Google is no longer on board with the third-party cookie, and it also isn’t a fan of the cookie alternatives hitting the market.

From the Google Marketing Live conference this week, Google repeated its position louder for the people in the back.

“What consumers want is for us to take a higher privacy position,” said Jerry Dischler, VP and GM of Google Ads.

This shouldn’t be shocking to anyone paying attention, but work on alternatives continues. The Trade Desk, for example, officially gave the Unified ID 2.0 code to the Partnership for Responsible Addressable Media (PRAM) this week as it continues to relinquish control of the hashed email identifier it created last year as a potential replacement for third-party cookies.

Also this week, Apple’s lack of privacy rule enforcement caused confusion and marketers remain bullish on multi-touch attribution.

It’s been a busy week. Let’s dig in.

Google says, “meh”

Google is, of course, down with the Privacy Sandbox. Other third-party cookie alternatives? Not so much, said Google Ads VP and GM Jerry Dischler. “We just don’t see some of the solutions being proposed as durable for the long term,” he told AdExchanger before its Google Marketing Live conference this week.

This isn’t surprising since the company has sort of been saying for months that it wouldn’t build or support third-party cookie replacements.

If that wasn’t clear enough, Dischler went further during the event.

“Third-party cookies and other proposed identifiers that some in the industry are advocating for do not meet the rising expectations that consumers have when it comes to privacy,” Dischler said. “They will not stand up to rapidly evolving regulatory restrictions. They simply cannot be trusted in the long term.”

Pass the code

The Trade Desk has given the code for the Unified ID 2.0, a hashed email identifier that is meant to replace the third-party cookie, to the IAB Tech Lab through PRAM, an umbrella group of online ad stakeholders and trade bodies. The Trade Desk launched the initiative last year but vowed to relinquish control to independent trade groups. Prebid, for example, assumed operational control in February, and the Tech Lab will oversee the public GitHub page where the code will live. The Trade Desk still needs an administrator and compliance manager for Unified ID 2.0.

The identifier has gained a ton of support from across the industry.

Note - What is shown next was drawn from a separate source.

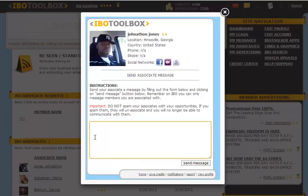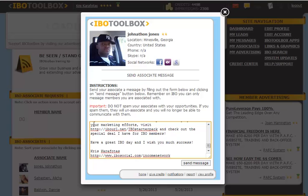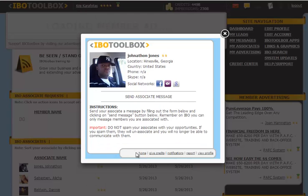You're going to enter in your message here in the box. Since I have a new member welcome message that I send to all of my associates, I just went ahead and copied and pasted that into the box, and then we'll click on Send Message and your message is sent.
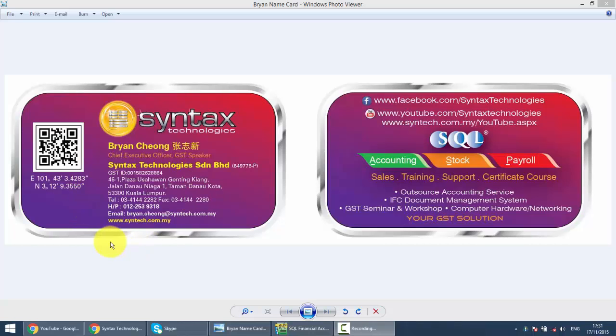Hi, I'm Brian from Syntax Technologies. You can contact me with this information. We'll continue with our SQL Accounting System training, and in today's lesson we'll talk about Open Bank Deposit, meaning you are combining two checks together and bank in into bank as one slip.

For a running list of new partners and updates, see AdExchanger’s Guide to UID 2.0.

Keeping tabs on Apple’s App Tracking Transparency

What’s the impact from Apple’s App Tracking Transparency (ATT) policy? We’re still not entirely sure. New data from Singular shows that less than 20 percent of iPhone users have updated to iOS 14.5, but less than 20 percent of those users have given consent to web tracking for marketing purposes. This is based on less than 12 million app installs on iPhones and iPads.

The upside for apps: Roughly 80 percent of worldwide iOS traffic is using earlier operating systems not subject to the new privacy rules.

No teeth?

Apple doesn’t appear to be enforcing ATT, which is creating confusion in the marketplace about fingerprinting, which is data collected from devices in order to identify people across the web and apps. Apple is against the practice because it is typically done without consumer consent. Mobile measurement companies can’t seem to agree on what is and isn’t allowed under Apple’s ATT.

“Apple will have to keep a close eye on these approaches and enforce ATT against any implementations that are in violation, or risk the policy being completely toothless and consumer privacy commitments not being honored,” eMarketer analyst Nicole Perrin told Digiday. “And if that were to happen, I expect the industry will wise up to the ongoing lack of enforcement, encouraging everyone to take these steps to maintain a level playing field.”

The future of MTA

Although some people predicted that multi-touch attribution (MTA) would die along with third-party cookies, many marketers appear to disagree. In MMA Global’s 2021 State of MTA Benchmark Report, 46 percent of marketers see a future for MTA, while just 21 percent view MTA as unrealistic.

Notwithstanding the third-party cookie issue, MTA faces other challenges. A majority of MTA users, for example, “still don’t have a clear sense of ROI.”